Danyon Infantri Yonif 315 Letkol Thomas Rajunio menilai bahwa program LKMA (Latihan Kepemimpinan Manajemen Tingkat Akhir) yang diselenggarakan SMAIT Insantama adalah program yang luar biasa, menurutnya perencanaan mandiri siswa kelas 12 SMAIT Insantama hingga bisa keluar negeri patut diapresiasi, hal tersebut diungkap dalam acara pelepasan delegasi LKMA Goes To Egypt Next To Emirates pada Sabtu (02/11).

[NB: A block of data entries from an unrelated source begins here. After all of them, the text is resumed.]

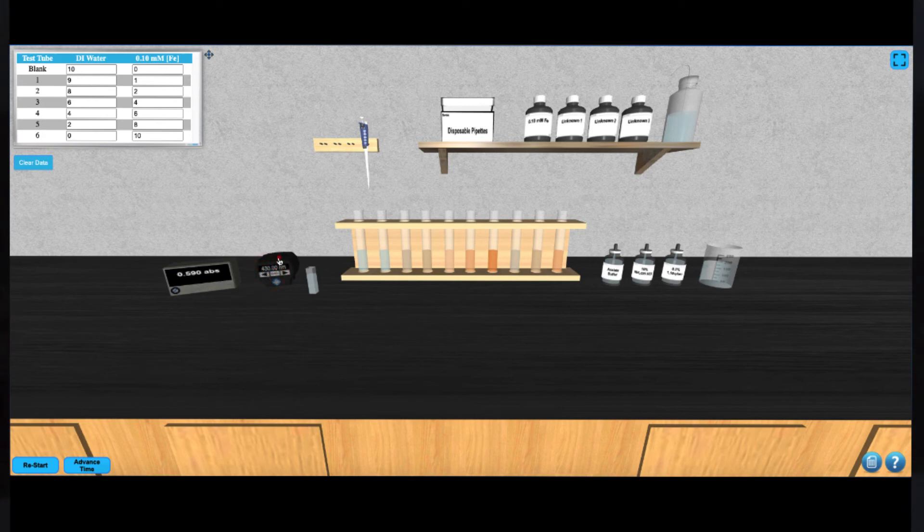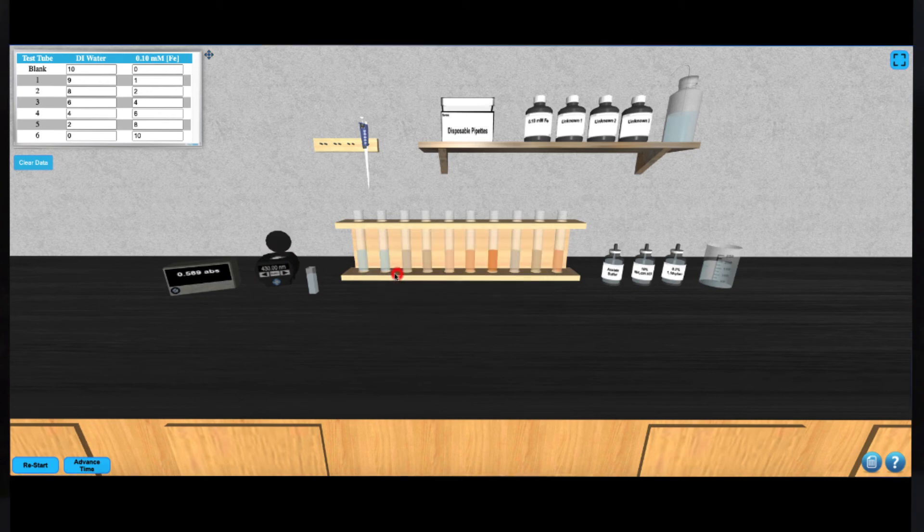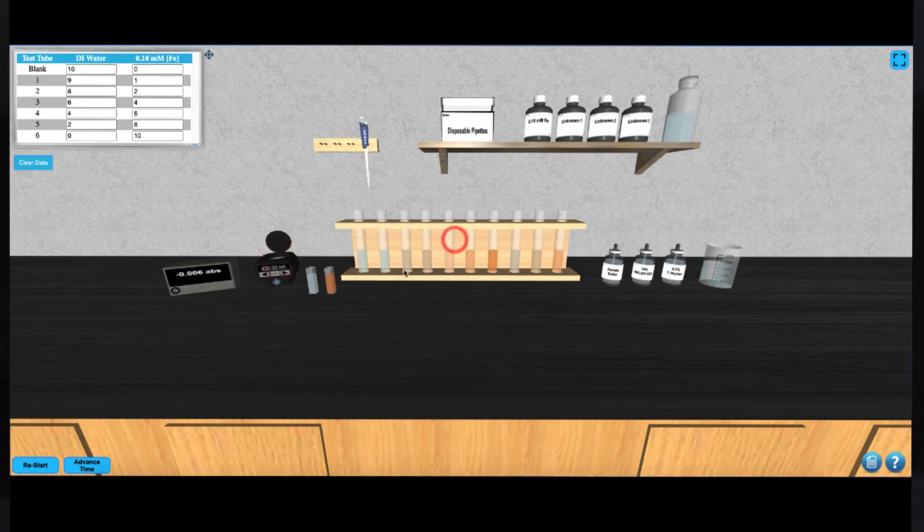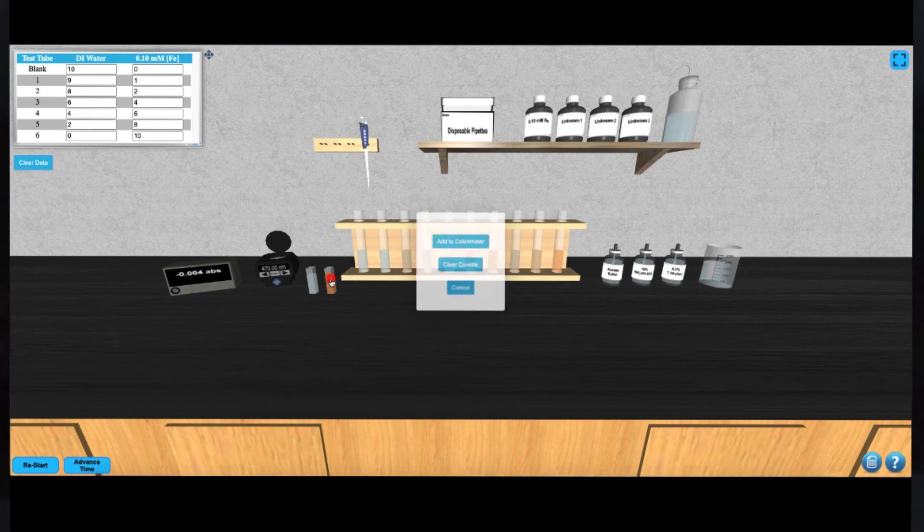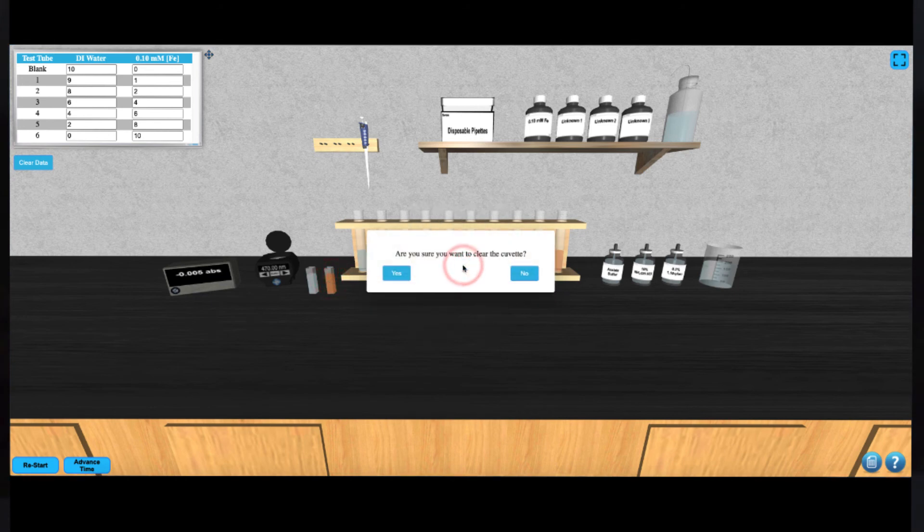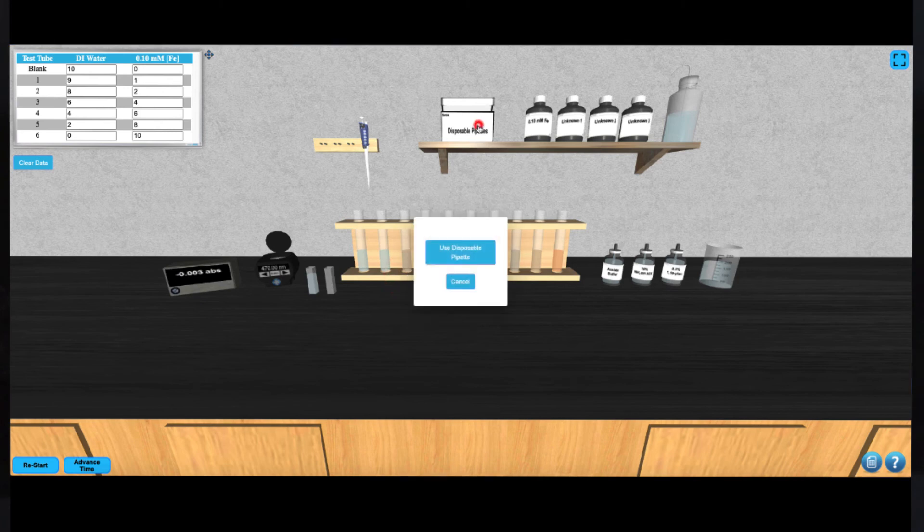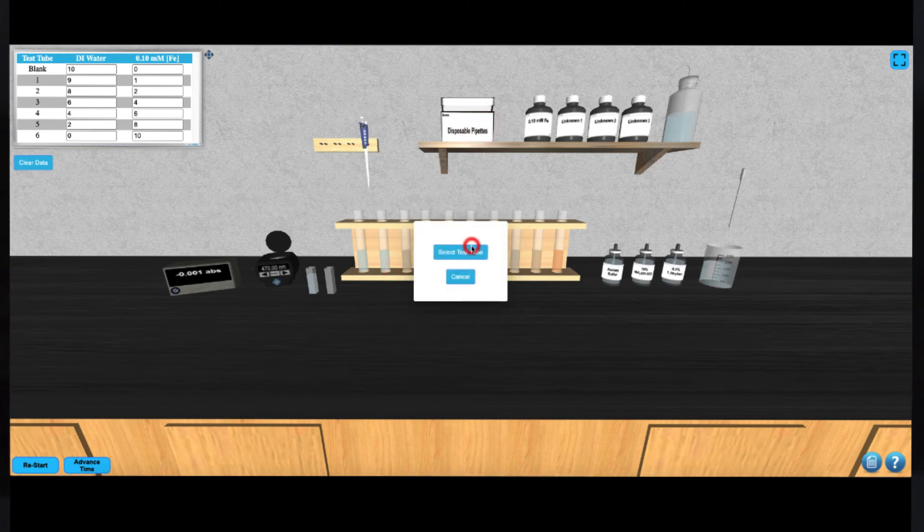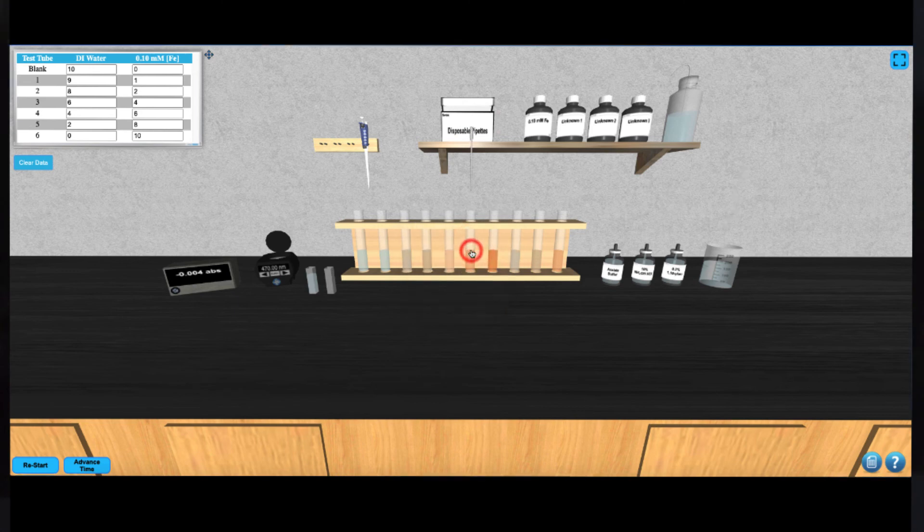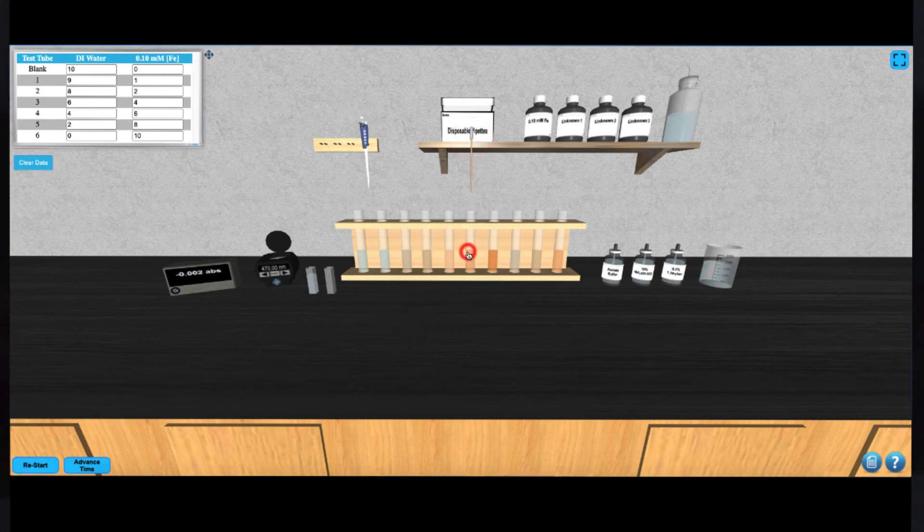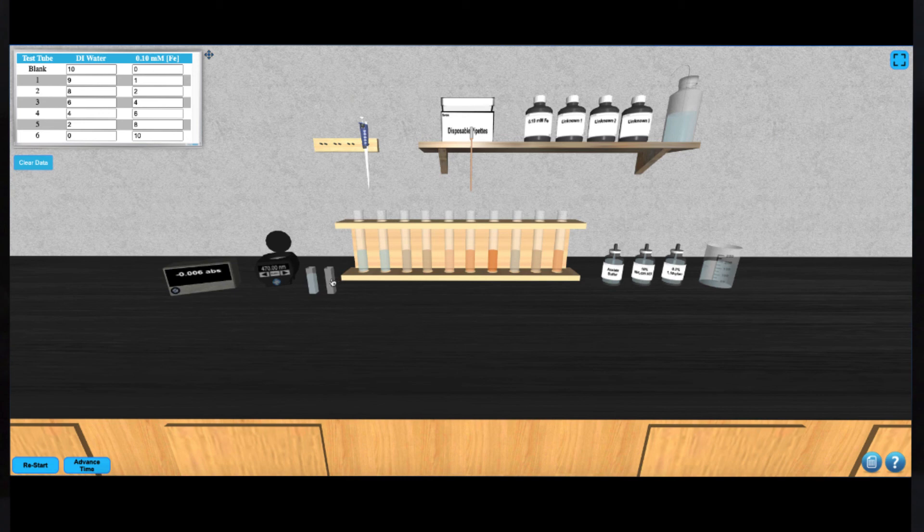To construct your calibration curve, you'll need to record the absorbance of each of your standard solutions. Empty the second cuvette by clicking on it and then select a disposable pipette from the shelf to draw up the next solution from its test tube. Place that solution in the cuvette by clicking on it and insert into the colorimeter to take your next absorbance reading.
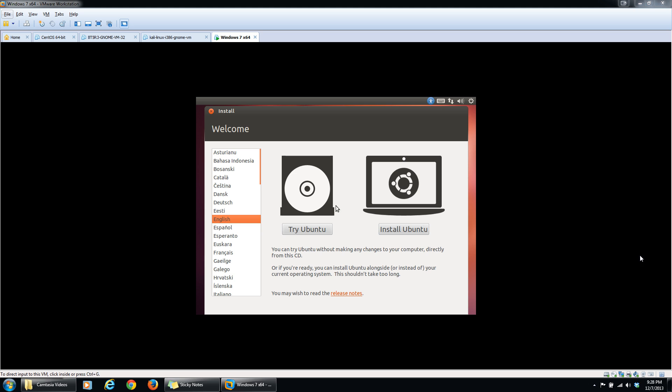I'm going to go through that right now. As you see, I've booted the computer off the live CD for Ubuntu. We're just going to click try and it's going to go ahead and load everything.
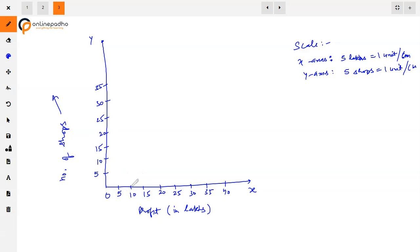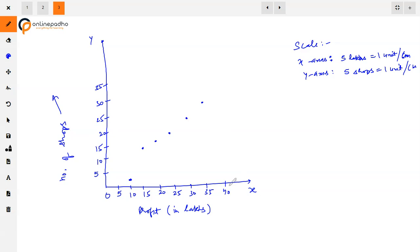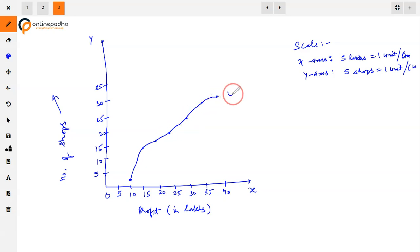For the less-than type ogive, we plot the upper class boundaries against the cumulative frequencies: at 10 we have 2, at 15 we have 14, at 20 we have 16, at 25 we have 20, at 30 we have 23, at 35 we have 27, and at 40 we have 30. We join these points freehand to get the less-than type ogive curve.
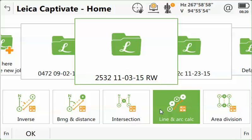This video will show you how to calculate the center of an arc using three points in the Leica Captivate software.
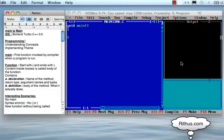Hello! Welcome to RITUS.com C Tutorial. I have made this RITUS C Tutorial in Telugu.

“Kalau menurut saya ini sudah luar biasa sekali, karena kalau sampai siswa sudah bisa merencanakan dari awal kemudian ke luar negeri ini bukan hal yang mudah, apalagi kalau kita bicara persiapannya, lalu pelaksanaan, tentunya pendanaan ini tidak mudah,” jelas Thomas.

Selanjutnya para siswa diharapkan untuk bisa sesuai dengan visi misi Insantama, bukan hanya mengabdi pada sekolah, namun pada umat dan negeri.

“Tinggal kita kan harus mengawasi perginya mereka ini sesuai dengan keinginan Insantama, bukan hanya mengabdi seperti sekarang, tentunya harus bermanfaat buat umat juga,” pungkas Thomas.

Pada LKMA tahun 2019 saat ini para delegasi yang merupakan kelas 12 SMAIT Insantama berangkat ke Mesir dan Emirates, dalam acara pelepasan diharapkan delegasi bisa mengambil ilmu dan manfaat dalam pelatihan.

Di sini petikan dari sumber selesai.